Run with onnxruntime-gpu not working for faster_whisper #493

guilhermehge · 2023-09-27T16:11:45Z

I am trying to use faster_whisper with pyannote for speech overlap detection and speaker diarization, but the pyannote's new update 3.0.0, it will need onnxruntime-gpu to run the diarization pipeline with the new embedding model.

Installing both onnxruntime (from faster_whisper) and onnxruntime-gpu (from pyannote), causes a conflict and onnx redirects to CPU only.

I tried uninstalling onnxruntime and forcing the reinstall of onnxruntime-gpu and faster_whisper is no longer working.

Is it possible to use onnxruntime-gpu for faster_whisper?

phineas-pta · 2023-09-27T16:59:26Z

u should not have both onnxruntime and onnxruntime-gpu, it always default to cpu

installing onnxruntime-gpu alone should be enough, faster_whisper uses it for silero VAD but always cpu https://github.com/guillaumekln/faster-whisper/blob/master/faster_whisper/vad.py#L260

the caveat with onnxruntime-gpu is u must properly install cuda + cudnn at system level

guilhermehge · 2023-09-27T17:04:23Z

But can silero vad run with onnxruntime-gpu? To do that I believe I might need to change the requirements of faster whisper so it does not install onnxruntime, right?

I'm running the application on docker with the following image: nvidia/cuda:11.7.1-cudnn8-runtime-ubuntu20.04, so cuda + cudnn are properly installed

phineas-pta · 2023-09-27T17:09:58Z

it's possible to run silero vad with onnxruntime-gpu, see my comment #364 (comment)

idk u using what version of onnxruntime but for latest version better use cuda 11.8 https://onnxruntime.ai/docs/execution-providers/CUDA-ExecutionProvider.html#requirements

guilhermehge · 2023-09-27T18:03:49Z

Thanks for that, phineas!

Let me ask you something else. Faster_whisper's transcribe is already taking up 99% of my GPU, if I run VAD on GPU as well, would it be a problem or would it take longer due to that? I read through transcribe.py and I see that SileroVAD is only used within the transcribe function and the segments are a generator, so it should not overload the GPU. Am I correct?

guilhermehge · 2023-09-27T18:30:41Z

I implemented this code of yours from # 364 (comment)

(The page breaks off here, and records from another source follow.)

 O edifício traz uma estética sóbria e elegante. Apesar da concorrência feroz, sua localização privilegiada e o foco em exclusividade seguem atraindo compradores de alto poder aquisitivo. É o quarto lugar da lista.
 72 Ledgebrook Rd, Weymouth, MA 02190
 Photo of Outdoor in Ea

and it actually increased the transcribe function time, going from 2 to 7 seconds for an audio that i'm testing. Do you know why that happened?

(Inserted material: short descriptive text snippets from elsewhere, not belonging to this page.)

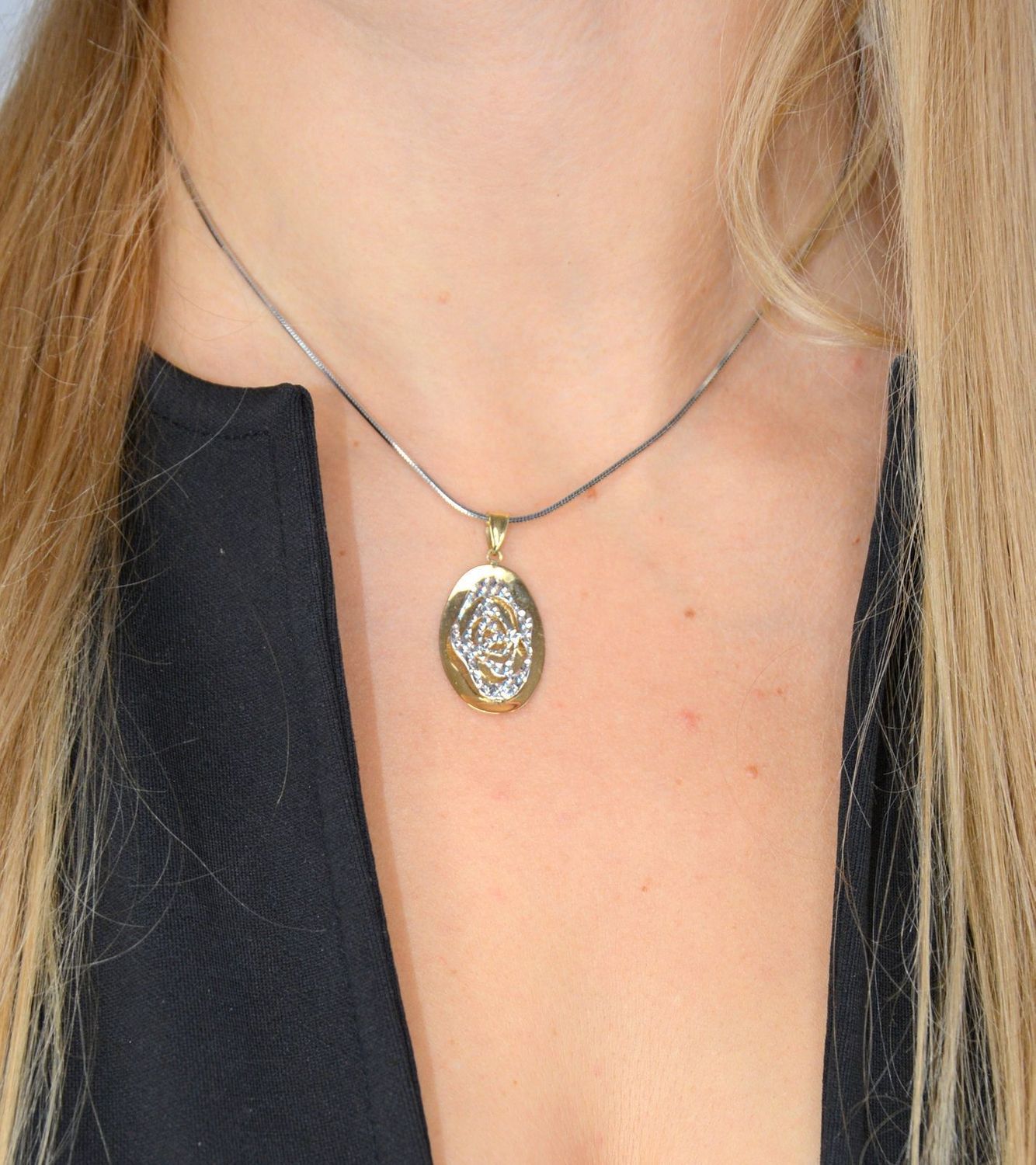 Złota zawieszka 585 owalna z motywem białego złota DIA-ZAW-0969-585.jpg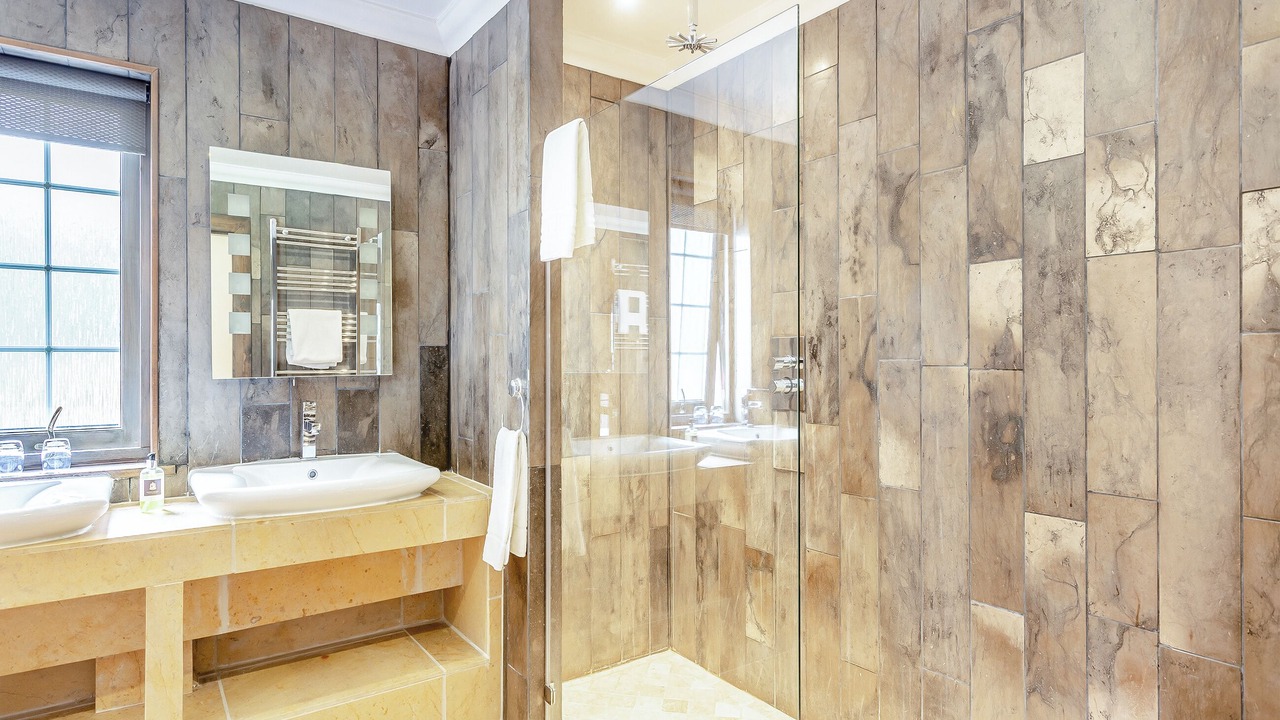 Photo of Bathroom in Kirkhill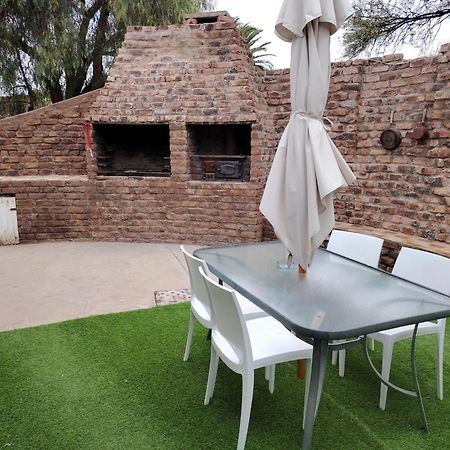 Appartamento @Mango'S Beaufort West Esterno foto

Analyzing it further I believe that happens because it creates a session everytime we call the transcribe function, so, since it is using GPU, it increases session creation time.

phineas-pta · 2023-09-27T21:58:23Z

hmm seem like i misread your previous comment, silero vad should work with onnxruntime-gpu, default to cpu, my code is just a tweak to make it work on gpu but not absolute necessity

it always create new onnx session no matter gpu or cpu, but take more time to load to gpu i guess (loading time > processing time), maybe need a longer audio to test for actual speed up

guilhermehge · 2023-09-27T22:19:38Z

Yes, at first I did want to run it with the onnxruntime-gpu library but using the Silero VAD on CPU, but since you posted the code, I tried running it on the GPU, but session time increases the time too much for small audios, so it's not worth it in most cases, better to use CPU with more threads active.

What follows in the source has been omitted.